─── EXERCISE DATA

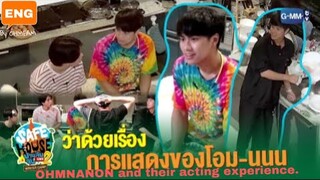 [ENG] OhmNanon พูดคุยเรื่องการแสดงใน GMMTV Safe House DAY 6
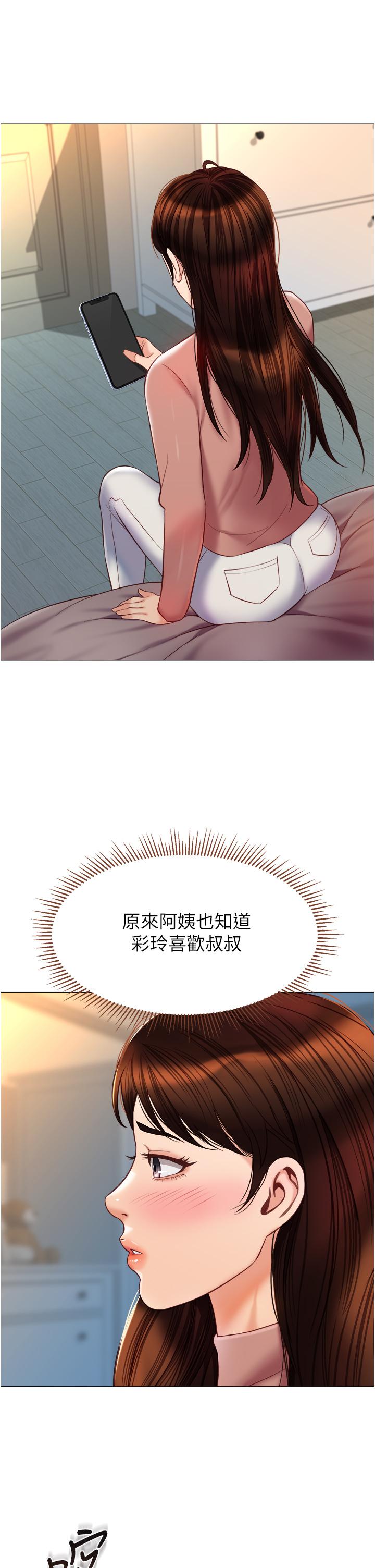 第76话-令人情慾爆发的旋律-女儿闺蜜都归ME-推亮,色皮林（第9张）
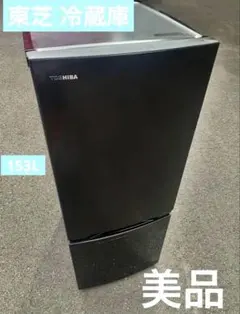中古】東芝冷蔵庫 153L 2024年式2509111523 中古 冷蔵庫のフリマ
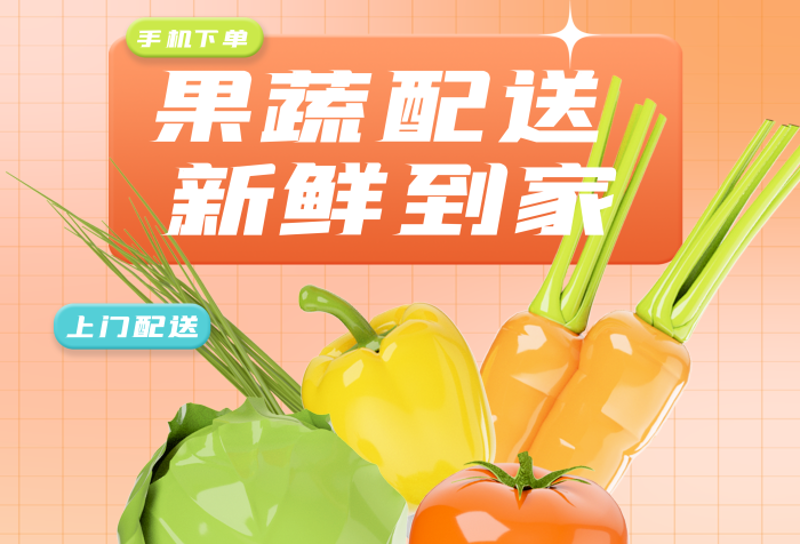 在临海，你如何挑选优质的果蔬批发？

──────

▶ WHAT YOU HAVE TO DO
Omit the pictures and output all of the other material exactly.

▶ WORKED SOLUTION
 [ENG] OhmNanon พูดคุยเรื่องการแสดงใน GMMTV Safe House DAY 6
 第76话-令人情慾爆发的旋律-女儿闺蜜都归ME-推亮,色皮林（第9张）
中古】東芝冷蔵庫 153L 2024年式2509111523 中古 冷蔵庫のフリマ
 在临海，你如何挑选优质的果蔬批发？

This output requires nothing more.